というところから異文化の軋轢が起こり、ディアロ歓迎パーティのどんちゃん騒ぎで警察沙汰になったり、あれこれあれこれ色々あって、ハートマン一家の問題が浮き彫りになるという辺りは多少演出がもたつく部分もあるがコメディタッチで進む。
上海に移住して大儲けをしようと考えている長男はワーカーホリックの弁護士で妻には離婚されてシングルファザー、その妹で31歳のゾフィはいまだに学生で自分探しをしている、というある意味贅沢な問題を抱えた彼らと、難民であるディアロの凄惨な過去との対比が鮮明になると、笑ってはいられない現実がのしかかってくる。
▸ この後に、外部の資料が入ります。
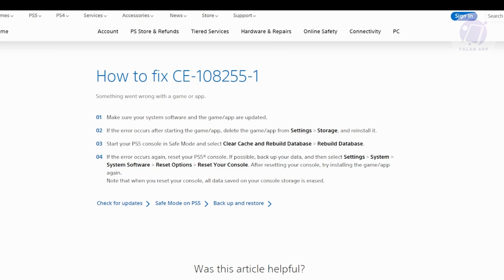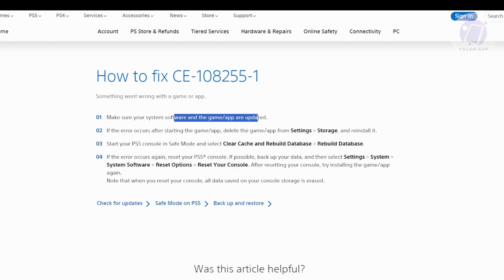First, make sure that both your system and your game itself or app are fully updated. This can solve a lot of issues or compatibility issues.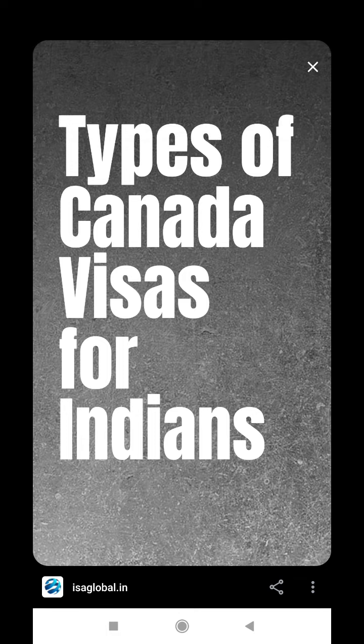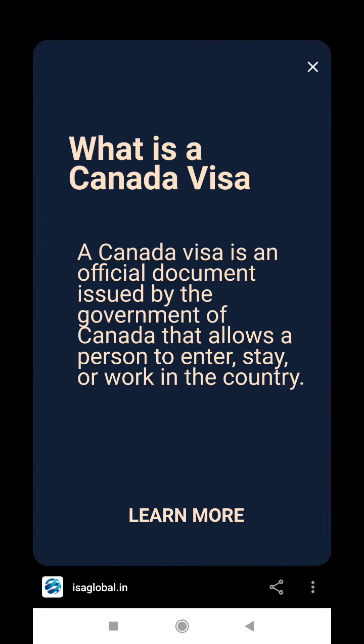Types of Canada Visas for India. A Canada visa is an official document issued by the government of Canada that allows a person to enter, stay, or work in the country.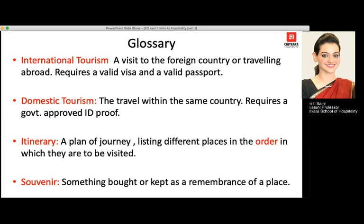The next term is itinerary, which is very important in the hospitality and tourism sector. It means planning a journey to a certain place — whether in India or a foreign country — and identifying and listing places in the order in which they will be visited. For example, if we are going for four days, each day will have a different itinerary: day one, then day two, day three, day four, and then departure. Importantly, the places must be listed in the order they are to be visited.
ハートマン一家の三世代に加えて、難民支援に取り組むけたたましいおばさんが登場し、ゾフィに付きまとう排外主義者の男がからんで、左右両派の対決でまたもやドタバタの大騒ぎ。というように、この映画には様々な考えや意見をもつ人間が大勢現れて、現実社会の縮図を見せてくれるのだ。
難民を自宅に受け入れて同居することを選んだアンゲリカの善意を観客はどう解釈するだろうか。豊かな先進国の人間がアフリカからやって来た不幸な人間に向けるまなざしは、知らぬ間に跳ね返されていることに気付くだろうか。この映画の中で一番品があって知性的で落ち着いていたのはディアロではなかったか。言語を絶する体験を持つ彼の笑顔こそがまぶしい。